1. ## Exponent n as a whole number

How can I simplify $(-a^2 \cdot b^{-1})^n : (ab)^{-n}, n \in \mathbb{Z}, a \neq 0, b \neq 0$ into $-a^{3n}$ ? Please give all stages.

2. Originally Posted by p.numminen
How can I simplify $(-a^2 \cdot b^{-1})^n : (ab)^{-n}, n \in \mathbb{Z}, a \neq 0, b \neq 0$ into $-a^{3n}$ ? Please give all stages.
hello,

$(-a^2 \cdot b^{-1})^n : (ab)^{-n} = \frac{-\frac{a^{2n}}{b^n}}{\frac{1}{a^n \cdot b^n}}$. Now cancel ike terms:

$\frac{-a^{2n}}{\frac{1}{a^n}} = -a^{2n+n} = -a^{3n}$

3. What rule is there to justify taking the minus sign out of the parentheses?

Shouldn't $(-a^2 \cdot b^{-1})^n$ be rewritten either as $(-1)^n \cdot a^{2n} \cdot b^{-n}$ or as $(-a^2)^n \cdot b^{-n}$ ?

4. Originally Posted by p.numminen
How can I simplify $(-a^2 \cdot b^{-1})^n : (ab)^{-n}, n \in \mathbb{Z}, a \neq 0, b \neq 0$ into $-a^{3n}$ ? Please give all stages.
Originally Posted by p.numminen
What rule is there to justify taking the minus sign out of the parentheses?
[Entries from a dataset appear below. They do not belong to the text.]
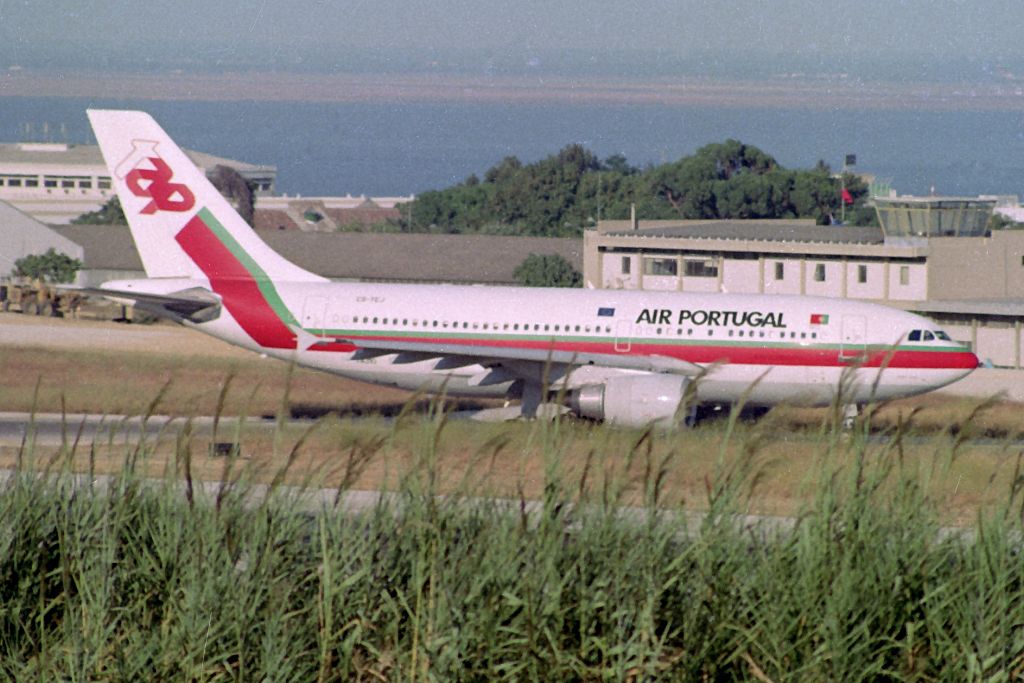 CS-TEJ (494) 1988 Airbus A310-304
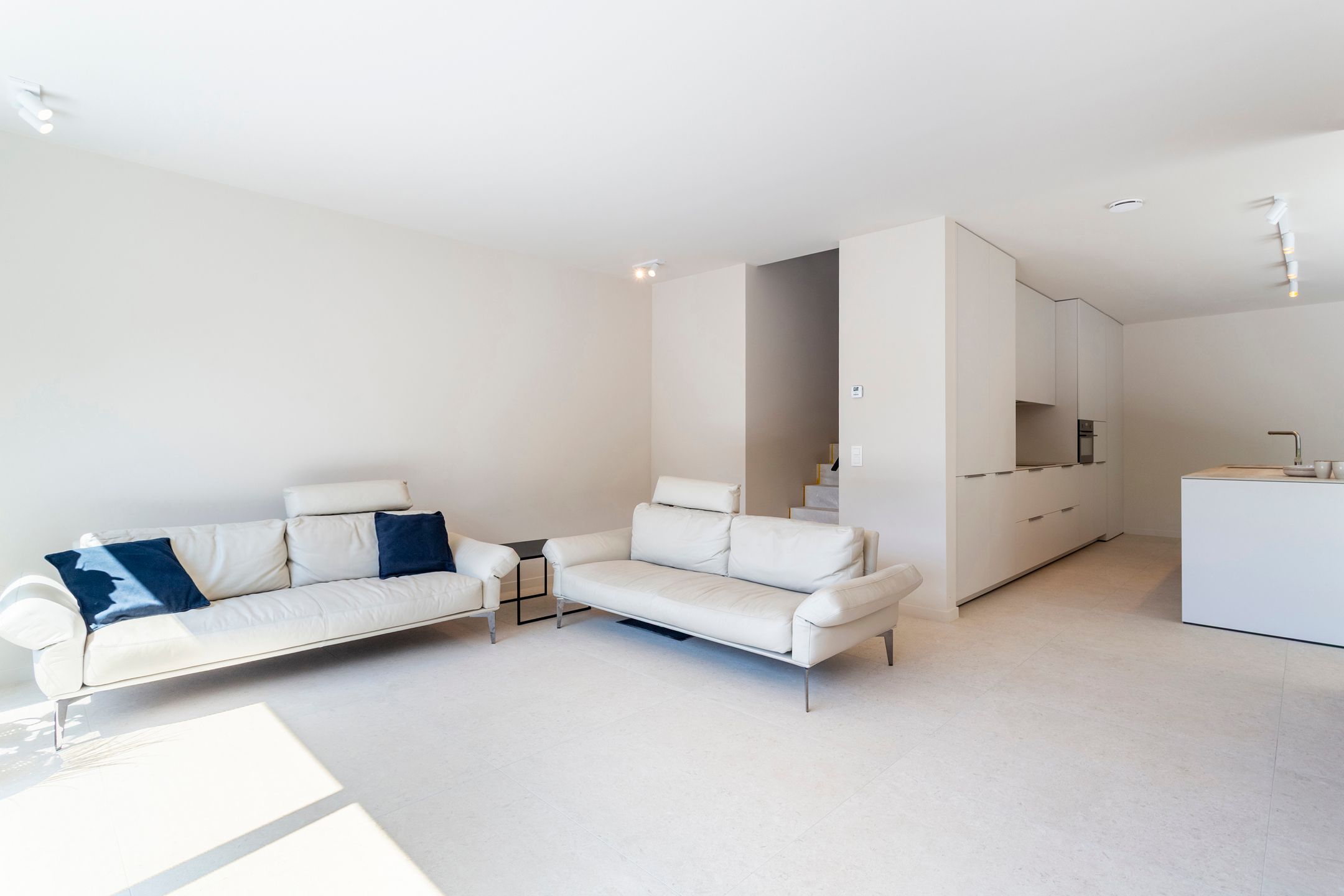 luxueuze nieuwbouwvilla met 3 slpks, garage en riante tuin foto 11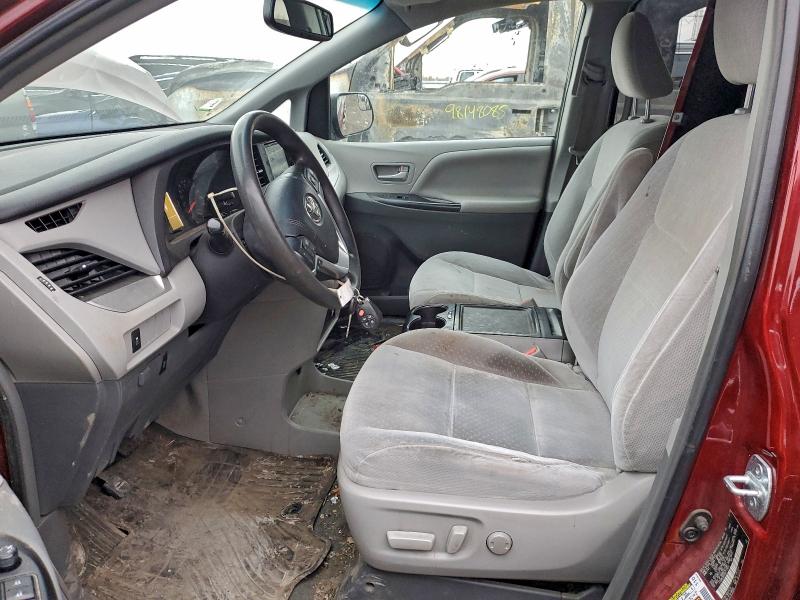 Photo 7 from auction – 2016 TOYOTA SIENNA LE with VIN 5TDKK3DC2GS717824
Shouldn't $(-a^2 \cdot b^{-1})^n$ be rewritten either as $(-1)^n \cdot a^{2n} \cdot b^{-n}$ or as $(-a^2)^n \cdot b^{-n}$ ?
I agree with you. The answer should be:
$(-a^2 \cdot b^{-1})^n : (ab)^{-n} = \frac{(-1)^n \frac{a^{2n}}{b^n}}{\frac{1}{a^n \cdot b^n}} = (-1)^n a^{3n}$

It will only be $-a^{3n}$ when n is odd.

-Dan

5. Hello, p.numminen!

Simplify: . $(-a^2 \cdot b^{-1})^n \div (ab)^{-n}$

We have: . $\left(-\frac{a^2}{b}\right)^n\cdot\frac{1}{(ab)^{-n}} \;=\;(-1)^n\frac{(a^2)^n}{b^n}\cdot (ab)^n$

. . $= \;(-1)^n\cdot\frac{a^{2n}}{b^n}\cdot a^nb^n \;=\;(-1)^na^{3n}$